CB-1158 preclinical findings presented at the American Association of Cancer Research. CB-1158, a highly selective, orally bioavailable, small molecule inhibitor of human arginase with nanomolar potency, demonstrated single agent efficacy in animal models. Inhibition of tumor growth was accompanied by an increase in the local concentration of arginine, and the induction of multiple pro-inflammatory changes in the tumor microenvironment. CB-1158 increased CD8+ T-cell infiltrates in a lung tumor model. The addition of CB-1158 to anti-CTLA-4 and anti-PD-1 significantly inhibited tumor growth and reduced metastases in a mouse model that was resistant to dual checkpoint inhibitor therapy. CB-1158 was well tolerated as a single agent and in combination with checkpoint inhibitors in animal studies.
Key hire and promotion in clinical group. Calithera announced today the expansion of its clinical group with the hiring of Sam Whiting, M.D., Ph.D. as Vice President of Clinical Development. Most recently, Dr. Whiting served as Vice President of Research and Clinical Development at Gradalis, Inc. Previously Dr. Whiting was an assistant member at the Fred Hutchinson Cancer Research Center (FHCRC), and assistant professor at the University of Washington where he was clinical director of gastrointestinal oncology. Dr. Whiting received his M.D. and Ph.D. degrees and completed his internal medicine residency at the University of Washington, and medical oncology fellowship at the FHCRC. Keith Orford, M.D., Ph.D., who joined Calithera in January 2015, has been promoted to Senior Vice President of Clinical Development.
Selected First Quarter 2016 Financial Results

Research and development expenses were $7.1 million for the three months ended March 31, 2016, compared with $5.6 million for the same period in the prior year. The increase of $1.4 million was primarily attributed to increased development activities in Calithera’s arginase inhibitors program as it plans to file an IND in mid-2016, partially offset by a decrease of $0.4 million related to Calithera’s licensing arrangements.

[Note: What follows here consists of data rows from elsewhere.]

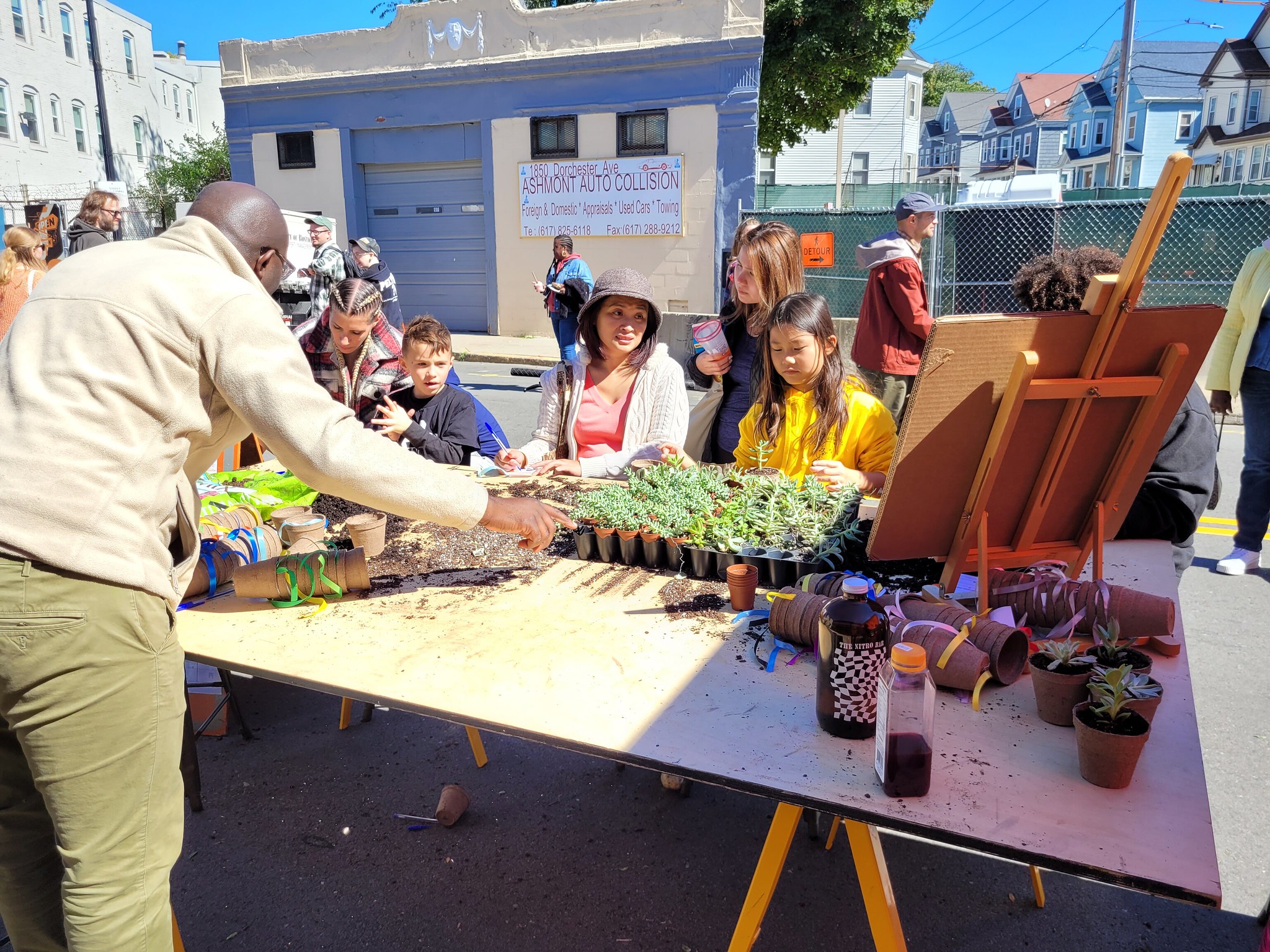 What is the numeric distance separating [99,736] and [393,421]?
2263mm

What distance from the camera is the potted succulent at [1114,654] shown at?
5.64 feet

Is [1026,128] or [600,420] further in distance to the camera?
[1026,128]

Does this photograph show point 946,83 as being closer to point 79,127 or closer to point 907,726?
point 79,127

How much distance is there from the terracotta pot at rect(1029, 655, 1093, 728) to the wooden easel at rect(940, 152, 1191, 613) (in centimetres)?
36

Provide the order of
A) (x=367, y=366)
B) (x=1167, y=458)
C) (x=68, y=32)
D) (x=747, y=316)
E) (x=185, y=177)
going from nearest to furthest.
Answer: (x=1167, y=458)
(x=747, y=316)
(x=367, y=366)
(x=185, y=177)
(x=68, y=32)

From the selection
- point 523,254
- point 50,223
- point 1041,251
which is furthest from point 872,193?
point 50,223

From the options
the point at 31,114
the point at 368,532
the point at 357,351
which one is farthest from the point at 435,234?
the point at 31,114

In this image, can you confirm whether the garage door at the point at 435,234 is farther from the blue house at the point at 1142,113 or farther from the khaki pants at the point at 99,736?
the blue house at the point at 1142,113

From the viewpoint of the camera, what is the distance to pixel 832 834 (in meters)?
2.71

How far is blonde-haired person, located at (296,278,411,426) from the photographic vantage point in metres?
4.27

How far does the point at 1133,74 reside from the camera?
143ft

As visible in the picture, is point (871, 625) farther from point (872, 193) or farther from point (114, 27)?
point (114, 27)

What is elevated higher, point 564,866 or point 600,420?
point 600,420

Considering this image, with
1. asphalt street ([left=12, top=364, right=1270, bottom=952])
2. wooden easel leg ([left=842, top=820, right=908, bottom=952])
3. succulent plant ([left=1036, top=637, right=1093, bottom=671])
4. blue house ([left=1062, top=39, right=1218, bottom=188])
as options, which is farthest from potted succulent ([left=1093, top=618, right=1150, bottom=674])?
blue house ([left=1062, top=39, right=1218, bottom=188])
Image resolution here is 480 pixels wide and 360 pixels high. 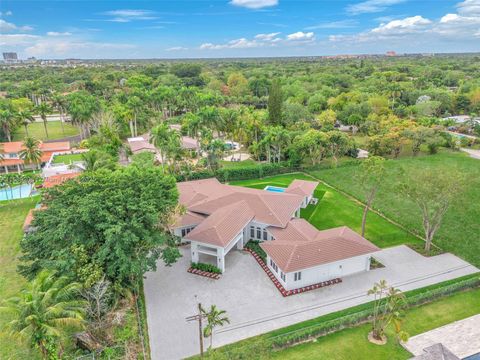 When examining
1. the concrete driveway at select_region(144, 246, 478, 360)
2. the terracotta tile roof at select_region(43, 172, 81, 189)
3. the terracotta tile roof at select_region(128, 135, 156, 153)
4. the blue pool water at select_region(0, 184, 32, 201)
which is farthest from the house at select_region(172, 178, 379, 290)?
the terracotta tile roof at select_region(128, 135, 156, 153)

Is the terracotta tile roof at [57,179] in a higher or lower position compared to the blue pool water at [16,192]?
higher

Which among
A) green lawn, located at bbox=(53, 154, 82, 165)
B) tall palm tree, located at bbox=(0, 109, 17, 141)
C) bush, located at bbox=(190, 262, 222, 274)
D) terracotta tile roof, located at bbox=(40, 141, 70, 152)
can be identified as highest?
tall palm tree, located at bbox=(0, 109, 17, 141)

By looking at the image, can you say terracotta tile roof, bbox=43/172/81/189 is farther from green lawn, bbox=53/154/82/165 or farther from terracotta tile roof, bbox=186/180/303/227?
terracotta tile roof, bbox=186/180/303/227

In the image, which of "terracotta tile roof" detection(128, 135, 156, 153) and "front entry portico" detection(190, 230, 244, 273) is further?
"terracotta tile roof" detection(128, 135, 156, 153)

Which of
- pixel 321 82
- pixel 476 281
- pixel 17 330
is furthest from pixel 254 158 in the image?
pixel 321 82

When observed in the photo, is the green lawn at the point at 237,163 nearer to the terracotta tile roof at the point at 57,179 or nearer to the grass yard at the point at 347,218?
the grass yard at the point at 347,218

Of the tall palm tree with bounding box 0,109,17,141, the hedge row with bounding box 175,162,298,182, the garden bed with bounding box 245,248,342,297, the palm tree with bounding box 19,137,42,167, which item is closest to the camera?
the garden bed with bounding box 245,248,342,297

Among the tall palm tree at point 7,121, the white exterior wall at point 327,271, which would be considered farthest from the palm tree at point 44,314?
the tall palm tree at point 7,121

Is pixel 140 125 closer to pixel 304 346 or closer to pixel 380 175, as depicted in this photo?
pixel 380 175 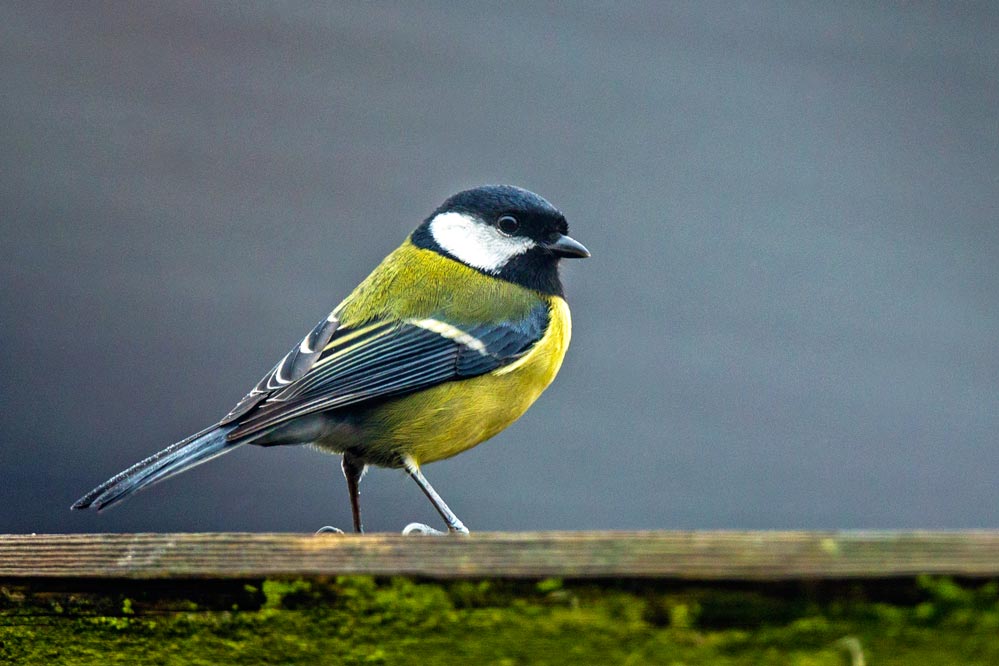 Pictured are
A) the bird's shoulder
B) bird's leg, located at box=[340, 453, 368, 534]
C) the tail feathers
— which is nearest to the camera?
the tail feathers

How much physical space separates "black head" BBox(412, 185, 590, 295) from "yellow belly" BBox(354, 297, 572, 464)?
398 millimetres

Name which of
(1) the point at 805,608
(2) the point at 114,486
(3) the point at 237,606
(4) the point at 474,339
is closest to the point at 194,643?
(3) the point at 237,606

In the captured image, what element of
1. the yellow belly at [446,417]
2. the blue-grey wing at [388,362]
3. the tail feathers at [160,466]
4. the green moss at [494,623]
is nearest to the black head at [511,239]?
the blue-grey wing at [388,362]

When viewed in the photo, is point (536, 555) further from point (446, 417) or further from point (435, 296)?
point (435, 296)

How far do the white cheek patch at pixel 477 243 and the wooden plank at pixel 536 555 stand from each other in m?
1.64

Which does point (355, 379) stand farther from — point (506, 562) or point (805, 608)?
point (805, 608)

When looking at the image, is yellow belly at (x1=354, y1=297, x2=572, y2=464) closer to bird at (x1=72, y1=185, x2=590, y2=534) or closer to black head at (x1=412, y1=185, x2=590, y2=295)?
bird at (x1=72, y1=185, x2=590, y2=534)

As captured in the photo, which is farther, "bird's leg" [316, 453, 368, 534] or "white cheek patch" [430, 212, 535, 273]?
"white cheek patch" [430, 212, 535, 273]

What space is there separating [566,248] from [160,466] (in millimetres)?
1287

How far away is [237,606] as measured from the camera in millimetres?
1520

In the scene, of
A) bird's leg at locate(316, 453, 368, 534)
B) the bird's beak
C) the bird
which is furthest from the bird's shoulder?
bird's leg at locate(316, 453, 368, 534)

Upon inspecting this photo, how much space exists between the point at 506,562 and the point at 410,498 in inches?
114

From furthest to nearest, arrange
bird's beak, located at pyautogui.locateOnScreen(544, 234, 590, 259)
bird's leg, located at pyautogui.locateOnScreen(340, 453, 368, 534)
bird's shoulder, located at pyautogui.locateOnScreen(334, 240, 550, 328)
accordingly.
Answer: bird's beak, located at pyautogui.locateOnScreen(544, 234, 590, 259) < bird's shoulder, located at pyautogui.locateOnScreen(334, 240, 550, 328) < bird's leg, located at pyautogui.locateOnScreen(340, 453, 368, 534)

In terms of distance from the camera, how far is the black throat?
3.12m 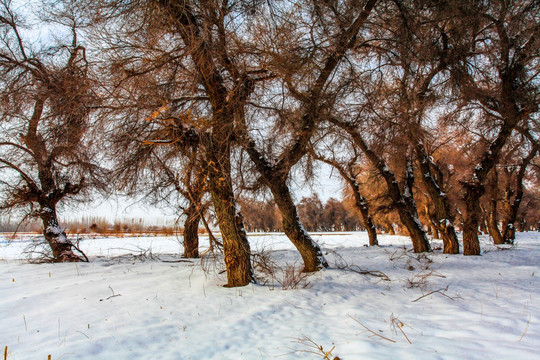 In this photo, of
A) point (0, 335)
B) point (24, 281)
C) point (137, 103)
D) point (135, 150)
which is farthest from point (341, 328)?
point (24, 281)

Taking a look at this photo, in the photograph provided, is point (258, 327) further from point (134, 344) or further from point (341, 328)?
point (134, 344)

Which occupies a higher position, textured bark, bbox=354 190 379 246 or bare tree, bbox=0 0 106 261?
bare tree, bbox=0 0 106 261

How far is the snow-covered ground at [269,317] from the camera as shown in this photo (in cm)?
284

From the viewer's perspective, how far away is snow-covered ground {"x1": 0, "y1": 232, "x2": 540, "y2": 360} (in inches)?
112

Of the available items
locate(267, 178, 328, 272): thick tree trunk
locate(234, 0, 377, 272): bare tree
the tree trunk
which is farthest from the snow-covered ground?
locate(234, 0, 377, 272): bare tree

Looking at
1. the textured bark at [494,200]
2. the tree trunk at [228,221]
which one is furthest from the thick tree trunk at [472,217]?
the tree trunk at [228,221]

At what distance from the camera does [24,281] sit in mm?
5539

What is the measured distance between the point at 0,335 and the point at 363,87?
699 cm

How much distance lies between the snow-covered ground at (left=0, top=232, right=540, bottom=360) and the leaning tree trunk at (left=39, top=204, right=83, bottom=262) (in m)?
2.70

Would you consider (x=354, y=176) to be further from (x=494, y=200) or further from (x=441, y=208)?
(x=494, y=200)

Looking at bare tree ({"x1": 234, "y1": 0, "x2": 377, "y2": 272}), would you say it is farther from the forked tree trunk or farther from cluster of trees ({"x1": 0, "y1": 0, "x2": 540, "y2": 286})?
the forked tree trunk

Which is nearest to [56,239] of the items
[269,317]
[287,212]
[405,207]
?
[287,212]

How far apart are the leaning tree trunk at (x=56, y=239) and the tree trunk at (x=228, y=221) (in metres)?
6.49

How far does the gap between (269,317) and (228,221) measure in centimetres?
195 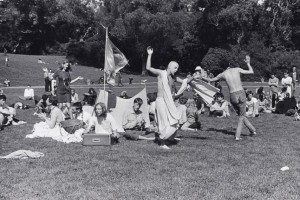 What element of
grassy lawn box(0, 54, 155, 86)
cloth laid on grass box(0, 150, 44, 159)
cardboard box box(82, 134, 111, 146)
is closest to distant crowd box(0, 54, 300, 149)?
cardboard box box(82, 134, 111, 146)

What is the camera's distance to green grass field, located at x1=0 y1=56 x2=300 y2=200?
7.09 meters

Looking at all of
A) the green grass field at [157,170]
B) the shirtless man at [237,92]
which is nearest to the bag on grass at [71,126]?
the green grass field at [157,170]

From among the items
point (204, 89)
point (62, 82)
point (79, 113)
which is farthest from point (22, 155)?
point (62, 82)

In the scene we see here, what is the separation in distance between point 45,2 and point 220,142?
198 ft

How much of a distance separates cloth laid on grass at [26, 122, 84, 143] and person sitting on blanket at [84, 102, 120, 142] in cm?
47

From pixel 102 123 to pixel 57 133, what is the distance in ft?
5.23

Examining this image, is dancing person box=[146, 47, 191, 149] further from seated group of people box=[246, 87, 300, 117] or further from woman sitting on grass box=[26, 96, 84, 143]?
seated group of people box=[246, 87, 300, 117]

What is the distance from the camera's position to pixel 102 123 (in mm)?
11805

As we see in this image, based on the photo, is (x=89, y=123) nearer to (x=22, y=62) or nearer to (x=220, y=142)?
(x=220, y=142)

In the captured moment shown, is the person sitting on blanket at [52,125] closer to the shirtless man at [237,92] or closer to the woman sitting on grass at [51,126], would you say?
the woman sitting on grass at [51,126]

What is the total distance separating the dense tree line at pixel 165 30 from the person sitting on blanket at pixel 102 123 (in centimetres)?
4313

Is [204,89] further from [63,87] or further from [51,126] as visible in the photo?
[63,87]

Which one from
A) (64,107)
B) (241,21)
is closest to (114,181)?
(64,107)

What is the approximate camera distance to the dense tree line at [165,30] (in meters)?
56.7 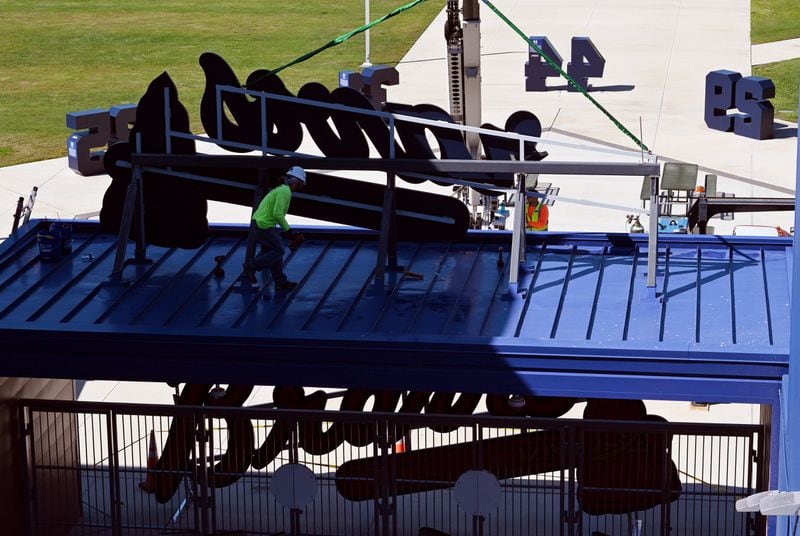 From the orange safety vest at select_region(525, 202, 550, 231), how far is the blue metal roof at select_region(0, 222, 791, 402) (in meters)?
7.12

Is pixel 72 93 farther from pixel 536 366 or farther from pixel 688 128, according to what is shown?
pixel 536 366

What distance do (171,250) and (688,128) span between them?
22.3 meters

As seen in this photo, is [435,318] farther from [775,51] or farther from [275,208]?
[775,51]

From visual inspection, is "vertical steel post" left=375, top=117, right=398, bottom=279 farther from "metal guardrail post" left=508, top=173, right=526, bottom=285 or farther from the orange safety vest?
the orange safety vest

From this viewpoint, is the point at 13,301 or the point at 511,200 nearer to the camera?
the point at 13,301

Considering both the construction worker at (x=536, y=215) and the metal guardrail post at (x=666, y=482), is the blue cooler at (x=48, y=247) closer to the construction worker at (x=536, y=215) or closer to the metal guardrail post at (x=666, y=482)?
the metal guardrail post at (x=666, y=482)

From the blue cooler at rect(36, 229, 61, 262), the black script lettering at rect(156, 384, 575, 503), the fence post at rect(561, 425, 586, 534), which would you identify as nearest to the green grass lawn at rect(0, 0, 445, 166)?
the blue cooler at rect(36, 229, 61, 262)

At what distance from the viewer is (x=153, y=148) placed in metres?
16.6

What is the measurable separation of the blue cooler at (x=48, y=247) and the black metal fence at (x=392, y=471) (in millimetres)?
1906

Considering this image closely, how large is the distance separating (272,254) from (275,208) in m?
0.59

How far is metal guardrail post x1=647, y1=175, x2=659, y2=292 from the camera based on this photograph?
1491cm

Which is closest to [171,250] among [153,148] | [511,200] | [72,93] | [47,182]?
[153,148]

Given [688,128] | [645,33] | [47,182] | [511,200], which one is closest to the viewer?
[511,200]

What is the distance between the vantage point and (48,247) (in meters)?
16.8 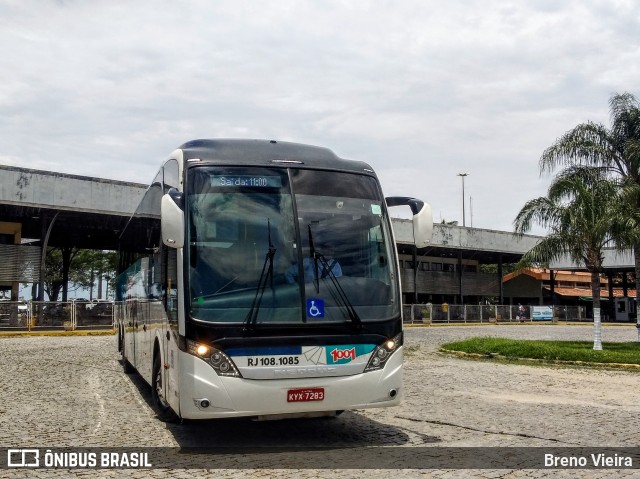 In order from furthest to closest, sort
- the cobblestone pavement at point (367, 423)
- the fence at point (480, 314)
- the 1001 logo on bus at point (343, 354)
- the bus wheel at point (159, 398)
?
1. the fence at point (480, 314)
2. the bus wheel at point (159, 398)
3. the 1001 logo on bus at point (343, 354)
4. the cobblestone pavement at point (367, 423)

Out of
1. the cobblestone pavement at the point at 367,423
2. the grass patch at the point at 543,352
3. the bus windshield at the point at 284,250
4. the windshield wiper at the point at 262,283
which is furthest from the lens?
the grass patch at the point at 543,352

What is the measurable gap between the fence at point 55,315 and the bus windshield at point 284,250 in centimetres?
2283

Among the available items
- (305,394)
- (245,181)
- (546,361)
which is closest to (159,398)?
(305,394)

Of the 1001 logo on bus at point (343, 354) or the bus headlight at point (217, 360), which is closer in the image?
the bus headlight at point (217, 360)

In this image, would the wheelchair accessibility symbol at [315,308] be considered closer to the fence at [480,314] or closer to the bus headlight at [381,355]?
the bus headlight at [381,355]

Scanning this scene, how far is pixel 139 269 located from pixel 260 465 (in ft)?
16.8

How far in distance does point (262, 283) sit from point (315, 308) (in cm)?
60

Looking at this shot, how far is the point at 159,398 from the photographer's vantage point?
8992mm

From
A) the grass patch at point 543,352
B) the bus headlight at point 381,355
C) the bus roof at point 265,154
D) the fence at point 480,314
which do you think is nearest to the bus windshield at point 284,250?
the bus roof at point 265,154

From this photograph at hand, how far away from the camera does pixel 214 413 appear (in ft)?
22.2

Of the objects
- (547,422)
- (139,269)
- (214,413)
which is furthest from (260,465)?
(139,269)

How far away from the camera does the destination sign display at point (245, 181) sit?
24.6 feet

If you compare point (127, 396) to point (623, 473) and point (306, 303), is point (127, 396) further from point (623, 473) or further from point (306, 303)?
point (623, 473)

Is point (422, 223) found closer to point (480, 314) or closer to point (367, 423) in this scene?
point (367, 423) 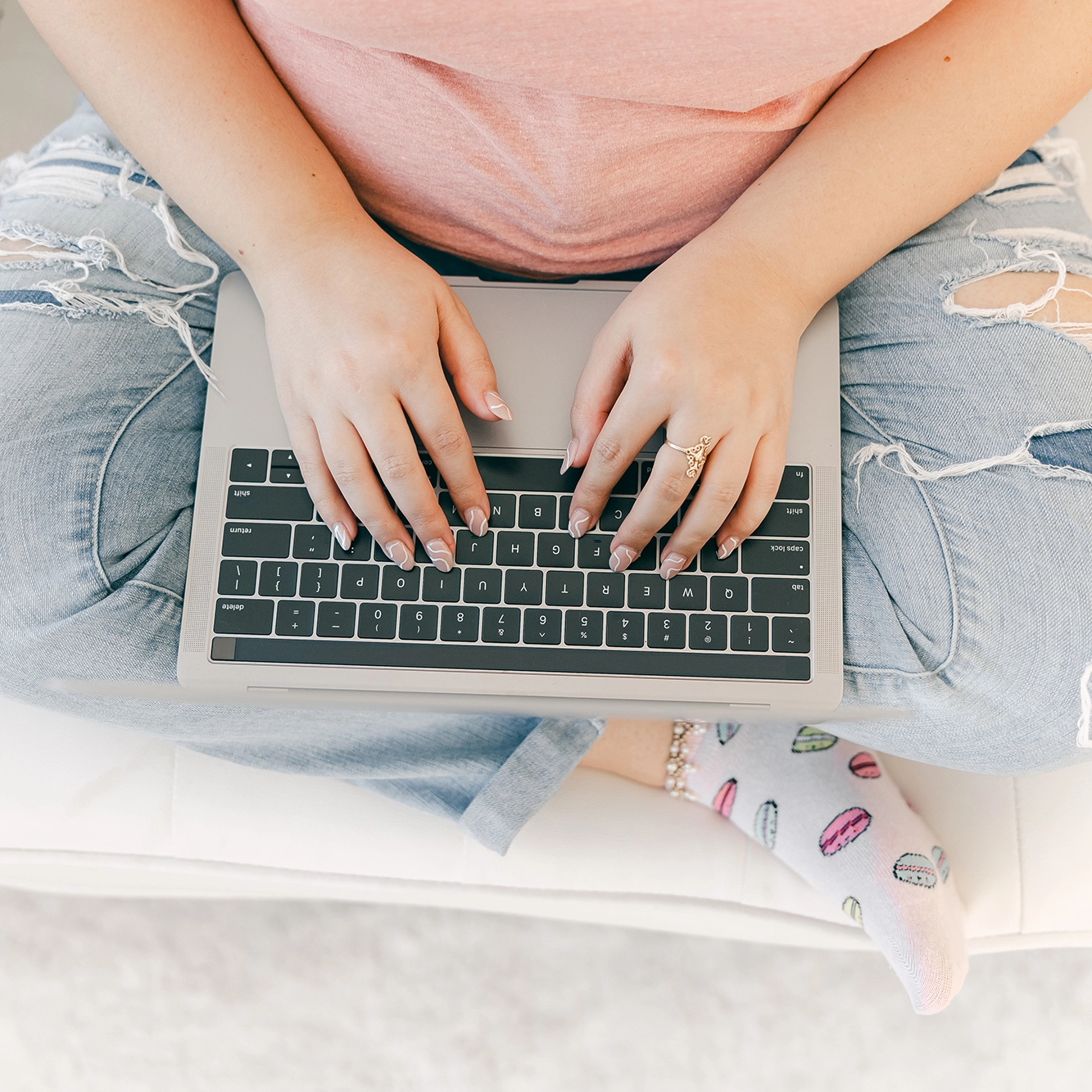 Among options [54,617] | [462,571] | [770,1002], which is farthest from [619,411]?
[770,1002]

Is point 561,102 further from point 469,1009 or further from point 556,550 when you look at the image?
point 469,1009

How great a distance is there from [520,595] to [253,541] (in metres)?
0.19

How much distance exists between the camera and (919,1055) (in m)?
1.03

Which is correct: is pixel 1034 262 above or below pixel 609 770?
above

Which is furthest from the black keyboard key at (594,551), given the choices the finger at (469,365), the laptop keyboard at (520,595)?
the finger at (469,365)

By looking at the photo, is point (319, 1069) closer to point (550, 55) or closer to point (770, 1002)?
point (770, 1002)

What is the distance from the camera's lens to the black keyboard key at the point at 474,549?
61cm

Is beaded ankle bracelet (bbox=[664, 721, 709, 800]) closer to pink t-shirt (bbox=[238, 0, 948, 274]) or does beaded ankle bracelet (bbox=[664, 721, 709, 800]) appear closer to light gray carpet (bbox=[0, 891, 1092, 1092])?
light gray carpet (bbox=[0, 891, 1092, 1092])

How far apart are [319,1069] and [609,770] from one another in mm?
513

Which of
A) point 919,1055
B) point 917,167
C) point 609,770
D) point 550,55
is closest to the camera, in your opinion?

General and administrative expenses were $2.6 million for the three months ended March 31, 2016, compared with $2.2 million for the same period in the prior year. The increase of $0.4 million was primarily due to higher employment related expenses, including stock-based compensation expense.

Net loss from operations for the three months ended March 31, 2016 was $9.6 million.